Subject: Re: CVS commit: src/sys/kern
To: Mindaugas R. <rmind@NetBSD.org>
From: Elad Efrat <elad@bsd.org.il>
List: source-changes
Date: 04/04/2007 15:12:31
Mindaugas R. wrote:
> Elad Efrat <elad@bsd.org.il> wrote:
> 
> [... skip ...]
>> the only way fileassoc_table_lookup() can fail in
>> fileassoc_table_delete() is if there's a locking violation. since
>> fileassoc lacks locking altogether, your introduced workaround isn't a
>> real fix, but rather a way to silence a coverity "bug".
> Hence, you did not prove me, that this change is somehow wrong. As you have
> shown, fail is simply not possible because of such circumstances (which is
> because of more abstract problem!) - but it DOES NOT MEAN, that the chain of
> NULLs is wrong. It may simply be unnecessary.

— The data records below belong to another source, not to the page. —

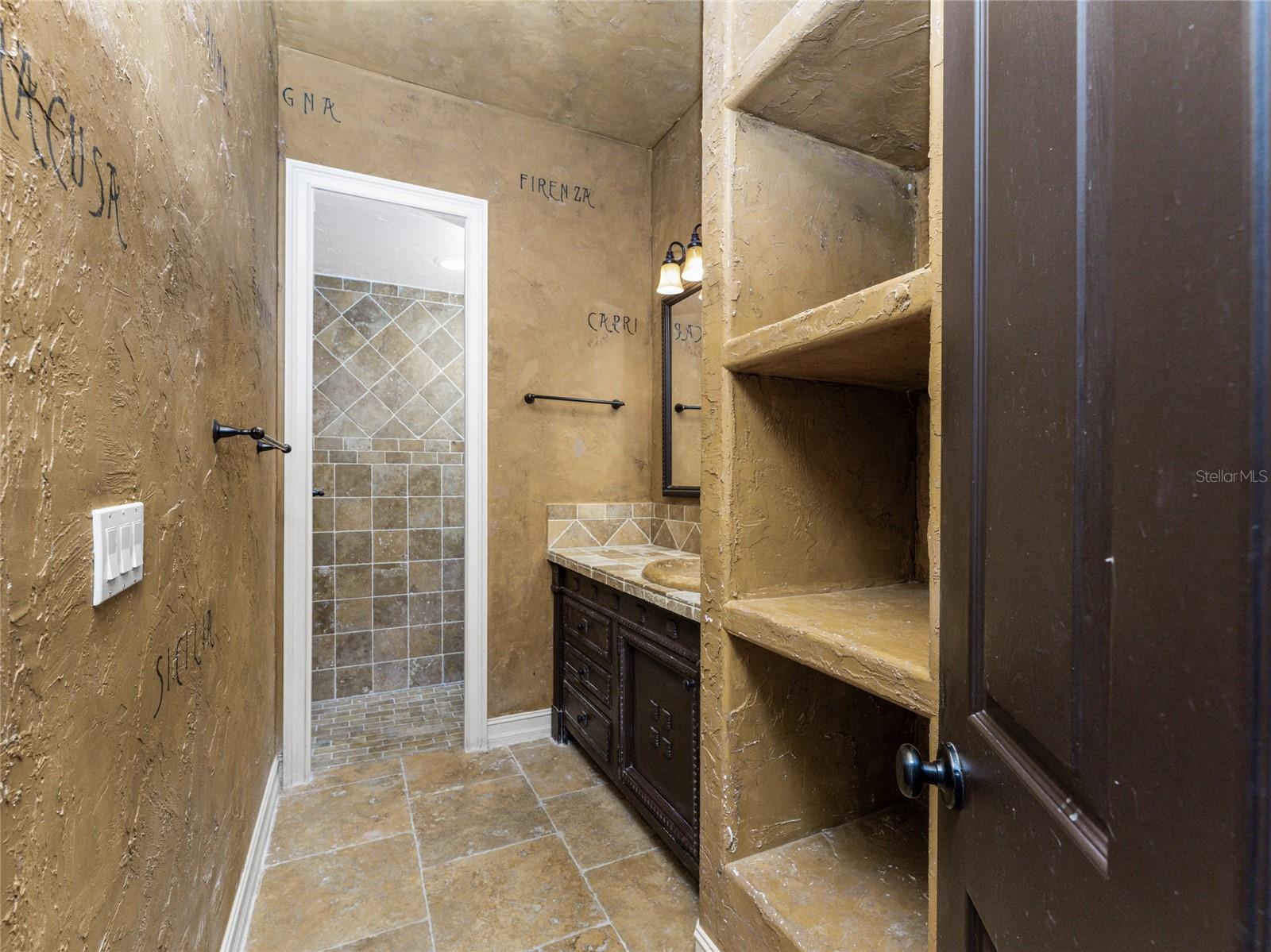 PUNTA GORDA ISLES SEC 20 - Residential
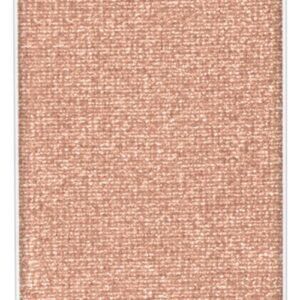 Buxom Single Eyeshadow Bar 1.5g - Champagne Buzz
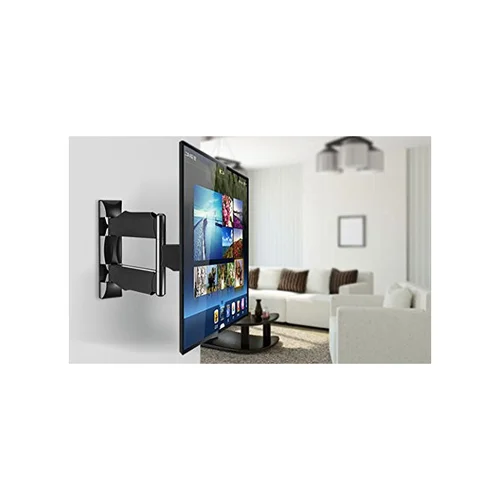 NB P4 TV laikiklis 32–55 colių image 3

the problem is that fileassoc lacks locking. let's examine what your
commit actually says.

on entry to fileassoc_file_delete(), we lookup the file in question. if
it doesn't exist (or a table doesn't exist for it), we abort. if it
does, we continue.

later on, we lookup the table itself. according to your change, if it
doesn't exist, we return ENOENT. this is *after* a file_free() call that
(lacking return value :) succeeded in removing a file from the table. if
a table doesn't exist at this point, it means a concurrently running
operation removed the *entire* table, and there's no need to lower the
number of entries in it.

so if you *really* understood the code and wanted to do this ugly
workaround, it'd be:

	tbl = fileassoc_table_lookup(vp->v_mount);
	if (tbl == NULL)
		return (0); /* already gone */
	[...]

correct?

> Actually, leaving such parts may cause problems in future, when, for example,
> that will be able to really fail in this case. Then someone should inspect and
> handle such situations in code (and doesn't look that it would be you, even
> this is yours code). I would probably tend to disagree that looking in
> abstract, such behaviour is correct at all.

this would address (again, not "fix") *part* of the issue, making it
more confusing in the future, when locking is added. since I don't think
you're aware of why fileassoc lacks locking -- basically I waited for
ad@ to commit and stablize the newlock2 stuff -- I still believe you
modified a subsystem without understanding it at all.

therefore, I kindly ask you again to revert.

>> and, still, you did not tell me who okay'd this commit. <...>
> So as you are so experienced and enlightened, you may probably know, that it
> is not possible to every time get an OK from others. Of course, we could
> create tech-approves@, where you would be an officer with 24hours/7days per
> week support. Would you agree with this? :)

unfortunately this already exists as current-users@. luckily for netbsd,
there are some amazing people on it who put up with the lack of quality
assurance in this project and are quick enough to report and sometimes
fix bugs as they are committed. this is not how it should be though.

every new developer is sponsored *exactly* for the purpose of okay'ing
his commits. if this model doesn't work, then a better one should be
implemented. until then, I'd like to know how this commit, and the wskbd
one, are critical enough that nobody needed to okay them. I'd also like
to know why you didn't bother *compile test* before committing.

-e.